Key Design 1: Eight-Dimensional Linguistic Attribute System¶
Function: Object attributes are organized into eight representative linguistic dimensions.
Specific Dimensions: - Affordance: Functional use of an object, e.g., "sit" for a chair. - Property: Object characteristics, e.g., "soft" for a pillow. - Type: Category membership, e.g., a phone is a "communication device." - Manner: Mode of use, e.g., a hat is "worn on a head." - Synonym: Near-synonymous substitution, e.g., "image" for a picture. - Requirement: Necessary conditions, e.g., a bicycle requires "balance to ride." - Element: Constituent parts, e.g., a bicycle has "two wheels." - Material: Material type, e.g., "plastic" for a bottle.
Design Motivation: These eight dimensions span from commonsense knowledge (affordance, requirement) to visual knowledge (material), enabling comprehensive evaluation of a model's deep understanding of objects.
Key Design 2: Knowledge-Graph-Driven Annotation Generation¶
Function: ConceptNet is leveraged to automatically generate object–attribute association annotations.
Mechanism: For each object category \(c_i\) in ScanNet200, relevant edges are queried from the knowledge graph \(\mathcal{G} = (\mathcal{V}, \mathcal{E})\): $\(\{e\}_i = \{(v_m, r, w, v_n) \in \mathcal{E} | v_m = c_i\}\)$
For the same relation \(r\), the attribute with the highest weight \(w\) is retained, ensuring only the most representative attribute is preserved for each object per dimension.
Design Motivation: Knowledge graphs provide a structured and scalable source of commonsense knowledge, enabling attribute annotation generation for a large number of objects at low cost.
Key Design 3: Query Template Design¶
Function: Text queries with concealed object names are generated to evaluate the GOV-3D task.
Mechanism: The object category \(v_m\) in the query is replaced with "this term," followed by concatenation of the relation and attribute: $\(q = \text{Concatenate}(t, r, v_n)\)$ For example: "this term is made of wood."
Design Motivation: By excluding object names from queries, the model is forced to reason through attributes to localize objects, rather than relying on simple name matching.
Loss & Training¶
The benchmark itself does not involve training losses. Evaluation metrics follow standard OV-3D protocols: AP/AP50/AP25 for instance segmentation, and mIoU/mAcc for semantic segmentation.
Key Experimental Results¶
Main Results: 3D Instance Segmentation¶
| Method | Affordance | Property | Synonym | Material | Mean | ScanNet200 |
|---|---|---|---|---|---|---|
| OpenMask3D | 7.2 | 7.5 | 16.9 | 18.8 | 9.9 | 15.4 |
| SAI3D | 5.3 | 5.8 | 10.0 | 11.3 | 7.7 | 12.7 |
| MaskClustering | 6.2 | 7.0 | 16.2 | 12.1 | 8.1 | 12.0 |
| Open3DIS | 11.9 | 12.8 | 26.7 | 28.3 | 15.8 | 23.7 |
(AP metric; all methods perform significantly worse on OpenScan than on ScanNet200.)
3D Semantic Segmentation¶
| Method | OpenScan mIoU | OpenScan mAcc | ScanNet mIoU |
|---|---|---|---|
| OpenScene | 0.45 | 1.87 | 47.5 |
| PLA | 0.01 | 2.37 | 66.6 |
| RegionPLC | 0.07 | 2.36 | 68.7 |
Semantic segmentation methods nearly completely fail on OpenScan (mIoU < 1%), indicating severe lack of generalization from categories to attributes.
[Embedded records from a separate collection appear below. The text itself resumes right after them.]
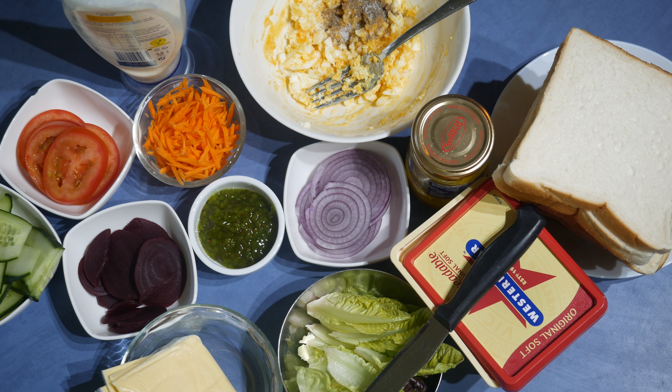I promise you to do lots of easy meals this year and I thought of showing you how to do several flavors of sandwiches at once, like in a commercial kitchen. So let's start doing it.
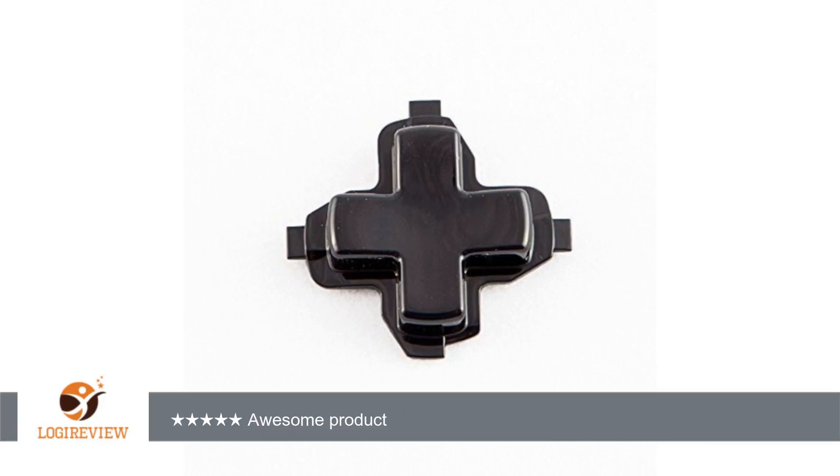Welcome. This item has a rating of 5.0 out of five stars. A customer wrote: it's exactly like the OEM one that came with it, and it was very easy to put on and works great.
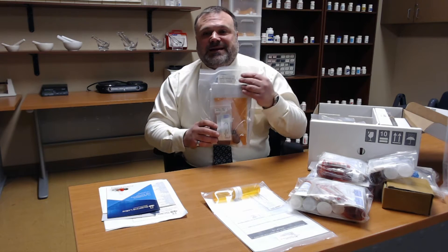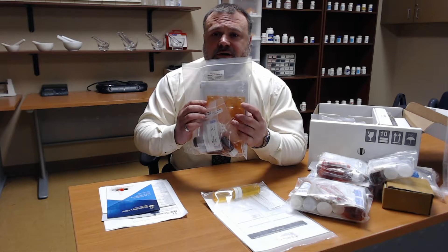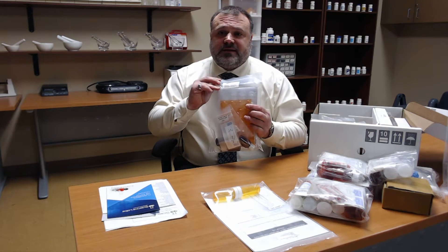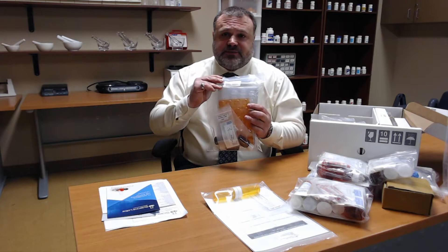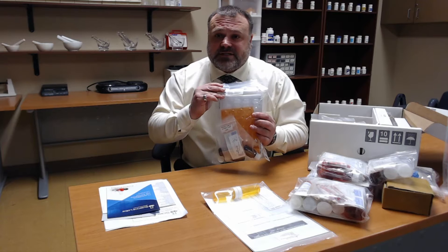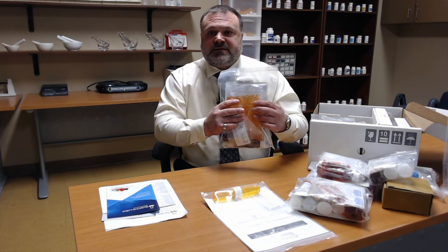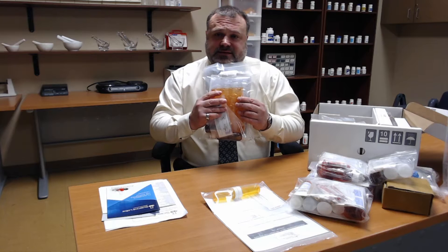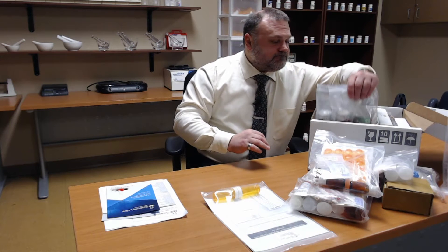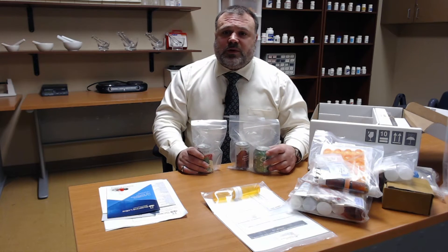This is the labeling and repackaging kit. You'll notice in the background here this orange device — some call it a bingo card — but it is a unit dose device that allows us to dispense to various long-term care facilities such as nursing homes or assisted living facilities, allowing the dispensing of daily medications.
Ablation Study: Effect of Pre-training Vocabulary Size¶
Increasing the training vocabulary size (\(S = 10 \to 170\)) yields no significant improvement across most attribute dimensions, with only a marginal gain on the material dimension. This demonstrates that simply expanding the number of training categories cannot resolve the attribute understanding problem.
Key Findings¶
- All OV-3D models perform substantially worse on OpenScan than on ScanNet200, confirming that GOV-3D is a more challenging task.
- Synonym and Material achieve relatively higher performance: the former due to semantic proximity to object categories, the latter due to CLIP's visual pattern recognition capability.
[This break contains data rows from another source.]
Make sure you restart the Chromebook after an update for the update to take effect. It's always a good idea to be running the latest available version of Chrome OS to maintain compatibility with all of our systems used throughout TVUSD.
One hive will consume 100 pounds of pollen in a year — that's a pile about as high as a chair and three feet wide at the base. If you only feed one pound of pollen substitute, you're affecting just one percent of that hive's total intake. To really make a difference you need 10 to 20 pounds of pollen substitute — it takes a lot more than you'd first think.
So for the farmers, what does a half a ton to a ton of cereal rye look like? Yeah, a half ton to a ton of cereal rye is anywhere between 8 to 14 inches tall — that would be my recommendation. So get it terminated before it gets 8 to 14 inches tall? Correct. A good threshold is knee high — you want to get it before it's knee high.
- Affordance and Property are the most challenging: they require commonsense reasoning, which is not covered by CLIP's pre-training objective.
- Using query templates (with relational descriptions) improves AP by approximately 0.2–6 points compared to using bare attribute words.
Highlights & Insights¶
- Visionary Problem Formulation: Extending OV-3D from categories to attributes is a natural yet previously overlooked research direction.
- Systematic Benchmark Design: The eight-dimensional attribute system provides comprehensive coverage; the hybrid strategy of knowledge graphs combined with human annotation balances efficiency and quality.
- Experimentally Revealed Fundamental Limitations: The results demonstrate that simply expanding training vocabulary cannot address attribute understanding, pointing toward the need for deeper methodological transformation.
- Substantial Scale: 153,644 attribute annotations, 341 attributes, with an average of 3.15 attribute annotations per object.
Limitations & Future Work¶
- Commonsense attribute annotations rely on ConceptNet, whose coverage and quality may be limited.
- Only material is annotated among visual attributes; other visual dimensions such as color and shape are not covered.
- The benchmark is constructed solely on ScanNet200, restricting scene types to indoor environments.
- No solution is proposed for the GOV-3D task; the paper only exposes the problem.
- The selection criteria for the eight attribute dimensions are insufficiently justified, with potential omissions or overlaps.
- Evaluation assumes the target object referenced by the query exists in the scene, which may be inconsistent with the GOV-3D task's claimed requirement to determine object presence.
Related Work & Insights¶
- OpenScene (Peng et al. 2023): Supports arbitrary text queries for zero-shot 3D semantic segmentation, but lacks quantitative evaluation on attribute dimensions.
- SceneFun3D (Delitzas et al. 2024): Provides functional annotations for robot interaction scenes, but focuses solely on the affordance dimension.
- MMScan (Lyu et al. 2024): A visual attribute understanding benchmark that lacks commonsense attributes.
- Insights: The deficiencies of vision-language models in commonsense reasoning suggest that image-text alignment alone is insufficient; incorporating structured knowledge or multi-step reasoning may be necessary.
Rating¶
⭐⭐⭐⭐ (4/5)
Strengths: The problem formulation is valuable, the benchmark construction is rigorous and comprehensive, and the experimental findings offer important guidance for future research.
Weaknesses: No solution is proposed, and certain annotation design choices lack sufficient justification.